▸ Problem to solve
Please return exactly the line that contains "Beastman　Hunting life　infp young woman" and every line after it, through the last line of the records below, with no pictures.

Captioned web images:
______
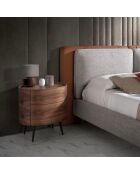 Lit double sommier à lattes marron/gris - 228x221x103 cm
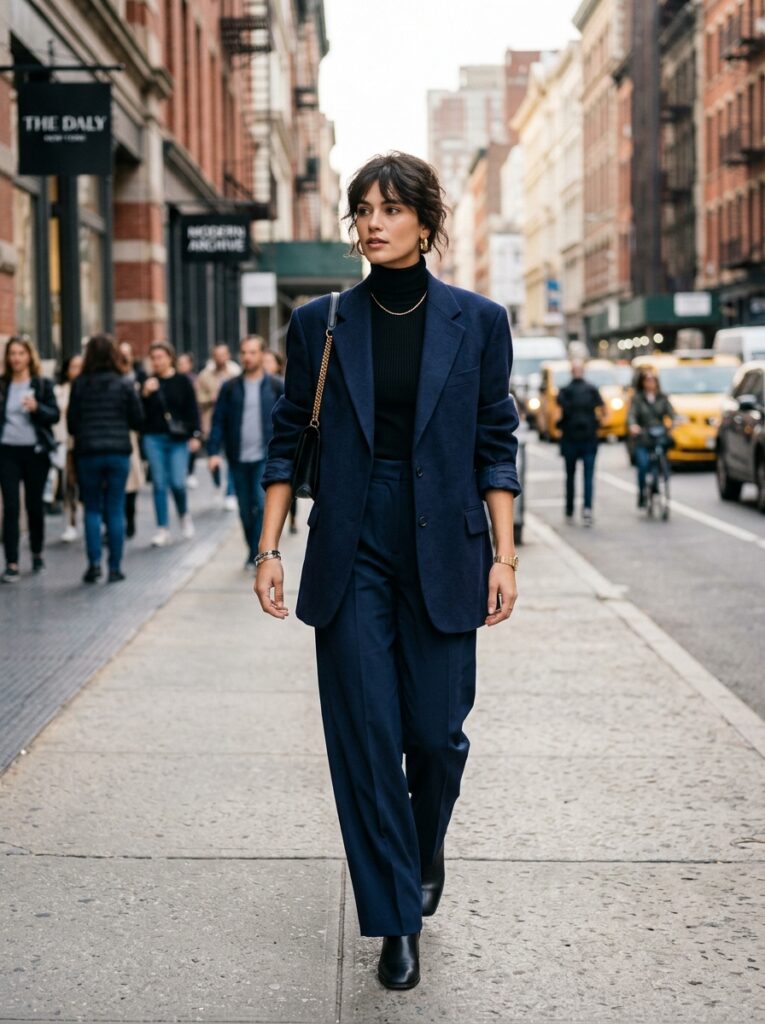 navy blazer fitted top trousers 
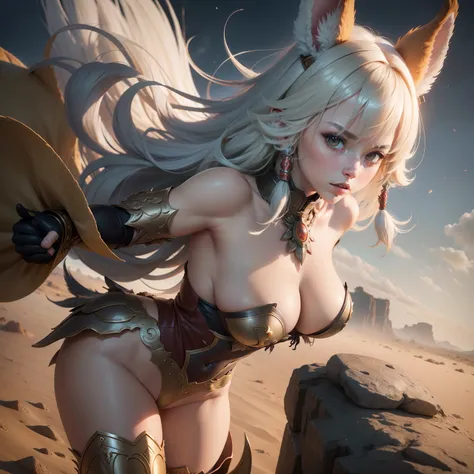 Beastman　Hunting life　infp young woman
　Wearing shabby armor made of animal leather、high-level image quality、8K，Raw photo、(masutepiece, High resolution, Photorealsitic:1.4), (Beastman woman with sensual breasts:1.3), No clothes、Rabbit ears on the head、Silv...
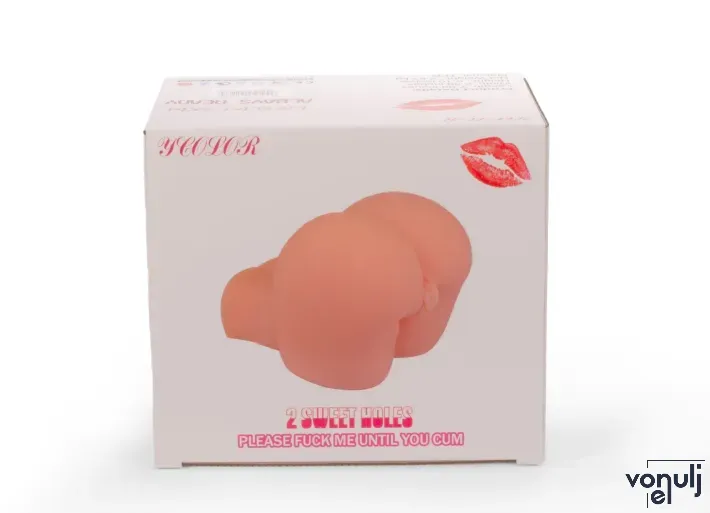 MISTRESS maszturbátor 2 Sweet Holes V - realisztikus, testszínű, vagina és ánusznyílással, vízálló, vibráció nélküli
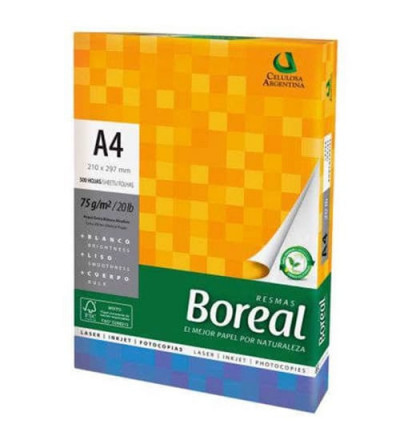 Papel Resma 500 Hojas De 75 Gr A4 Boreal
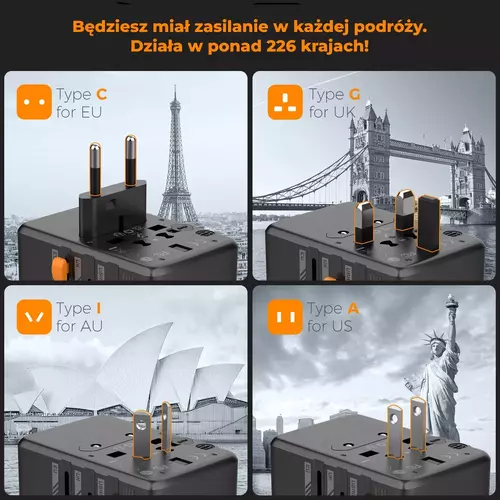Zdjęcie produktu Uniwersalny adapter podróżny TESSAN z ładowarką USB 65W - OUTLET 13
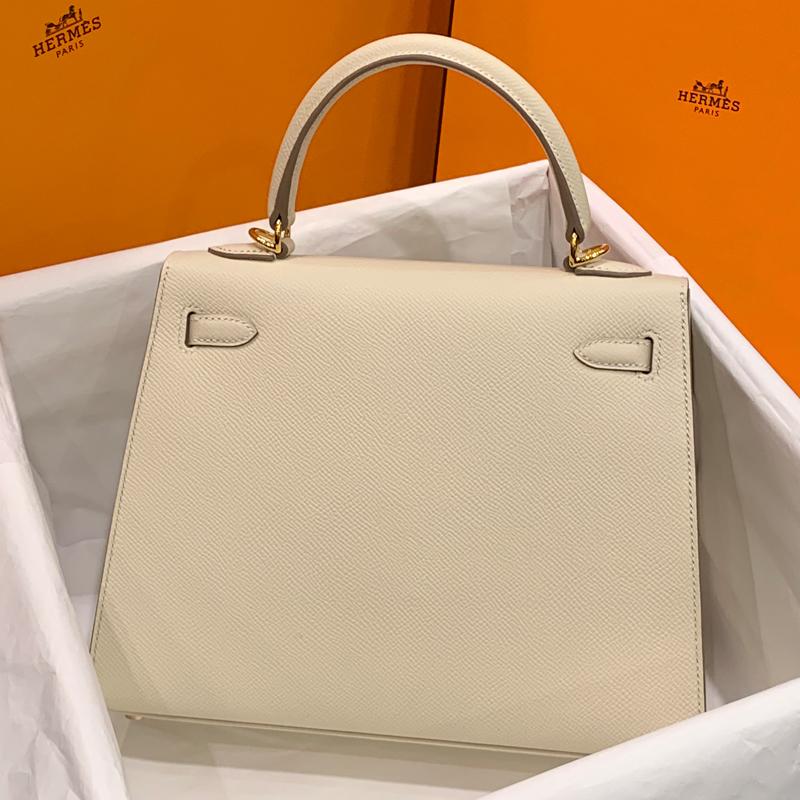 HERMES Epsom Leather Kelly 25 Ivory Shoulder Bag Gold Hardware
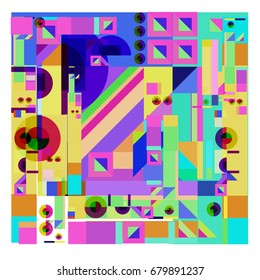 Trendy geometrical vector illustration with elements and abstract colorful textures. Design for summer holiday poster, card, brochure, and promotion template. Fashion art print and background.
______
▸ Worked solution
 Beastman　Hunting life　infp young woman
　Wearing shabby armor made of animal leather、high-level image quality、8K，Raw photo、(masutepiece, High resolution, Photorealsitic:1.4), (Beastman woman with sensual breasts:1.3), No clothes、Rabbit ears on the head、Silv...
 MISTRESS maszturbátor 2 Sweet Holes V - realisztikus, testszínű, vagina és ánusznyílással, vízálló, vibráció nélküli
 Papel Resma 500 Hojas De 75 Gr A4 Boreal
Zdjęcie produktu Uniwersalny adapter podróżny TESSAN z ładowarką USB 65W - OUTLET 13
 HERMES Epsom Leather Kelly 25 Ivory Shoulder Bag Gold Hardware
 Trendy geometrical vector illustration with elements and abstract colorful textures. Design for summer holiday poster, card, brochure, and promotion template. Fashion art print and background.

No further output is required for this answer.